Nope. It is a 2016 Ford F-250 Powerstroke XLT crew cab, 6.7L 4x4 truck with a short bed. If you google "Ford towing guide" and go to the 2016 towing guide and find the row/column for the particular configuration, that's the max payload for camper. The towing guide does not say what the actual max weight can be on the gooseneck pin, I guess Ford doesn't want to publish this information and they leave it up to you to weigh your truck and calculate what you can put on the rear axle?

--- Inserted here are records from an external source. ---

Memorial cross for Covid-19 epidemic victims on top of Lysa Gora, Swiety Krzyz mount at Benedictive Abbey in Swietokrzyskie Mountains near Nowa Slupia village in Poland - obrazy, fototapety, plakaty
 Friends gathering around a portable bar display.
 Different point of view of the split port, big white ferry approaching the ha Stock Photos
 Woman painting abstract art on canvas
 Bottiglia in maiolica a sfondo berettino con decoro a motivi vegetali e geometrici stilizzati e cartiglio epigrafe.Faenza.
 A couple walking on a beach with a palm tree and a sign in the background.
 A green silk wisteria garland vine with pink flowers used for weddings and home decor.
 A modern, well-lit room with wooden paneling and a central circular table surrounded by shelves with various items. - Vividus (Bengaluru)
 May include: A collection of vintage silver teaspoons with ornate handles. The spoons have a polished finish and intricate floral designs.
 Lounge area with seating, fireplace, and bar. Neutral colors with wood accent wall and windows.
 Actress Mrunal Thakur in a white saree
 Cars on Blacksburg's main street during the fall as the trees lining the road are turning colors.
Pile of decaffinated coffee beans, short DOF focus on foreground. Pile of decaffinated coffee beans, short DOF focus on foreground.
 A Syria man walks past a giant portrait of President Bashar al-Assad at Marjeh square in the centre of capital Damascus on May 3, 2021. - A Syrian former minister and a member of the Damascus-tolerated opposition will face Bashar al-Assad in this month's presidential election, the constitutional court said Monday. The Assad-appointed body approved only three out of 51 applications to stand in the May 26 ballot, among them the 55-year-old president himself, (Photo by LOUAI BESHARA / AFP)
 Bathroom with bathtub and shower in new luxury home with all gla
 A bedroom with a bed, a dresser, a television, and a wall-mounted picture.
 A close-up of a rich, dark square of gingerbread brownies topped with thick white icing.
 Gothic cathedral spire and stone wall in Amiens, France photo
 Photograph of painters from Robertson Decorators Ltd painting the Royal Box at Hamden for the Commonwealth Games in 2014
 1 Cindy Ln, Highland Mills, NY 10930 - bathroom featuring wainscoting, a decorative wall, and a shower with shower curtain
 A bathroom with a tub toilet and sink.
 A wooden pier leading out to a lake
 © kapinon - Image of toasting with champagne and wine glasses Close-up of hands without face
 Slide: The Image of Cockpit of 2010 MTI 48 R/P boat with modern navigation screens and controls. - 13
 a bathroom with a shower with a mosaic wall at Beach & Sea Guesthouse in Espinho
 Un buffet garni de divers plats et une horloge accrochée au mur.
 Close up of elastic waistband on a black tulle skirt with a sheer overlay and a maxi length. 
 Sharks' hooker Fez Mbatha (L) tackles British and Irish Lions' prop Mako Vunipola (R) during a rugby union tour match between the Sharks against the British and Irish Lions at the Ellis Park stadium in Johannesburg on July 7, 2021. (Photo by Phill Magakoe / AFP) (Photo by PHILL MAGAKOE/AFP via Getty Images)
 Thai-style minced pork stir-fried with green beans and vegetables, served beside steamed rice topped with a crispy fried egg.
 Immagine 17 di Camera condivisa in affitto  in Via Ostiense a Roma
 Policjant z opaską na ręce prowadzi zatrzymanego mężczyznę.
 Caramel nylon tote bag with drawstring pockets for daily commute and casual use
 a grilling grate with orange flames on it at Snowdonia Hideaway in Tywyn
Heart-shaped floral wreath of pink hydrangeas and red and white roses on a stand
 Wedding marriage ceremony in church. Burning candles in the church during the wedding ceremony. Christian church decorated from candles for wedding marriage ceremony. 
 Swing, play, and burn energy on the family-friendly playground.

I just don't understand why Ford can't provide the information online like RAM does for their trucks. RAM has a web page where you can select the exact configuration (engine, trim, 3/4 or 1 ton, so on and so on) and it will tell you what exact max payload is and what max towing capacity is. Chevy will put this info in their new trucks inside the driver door (I have heard). Only Ford refers you to their stupid 20 page towing guide and still doesn't tell you the full story.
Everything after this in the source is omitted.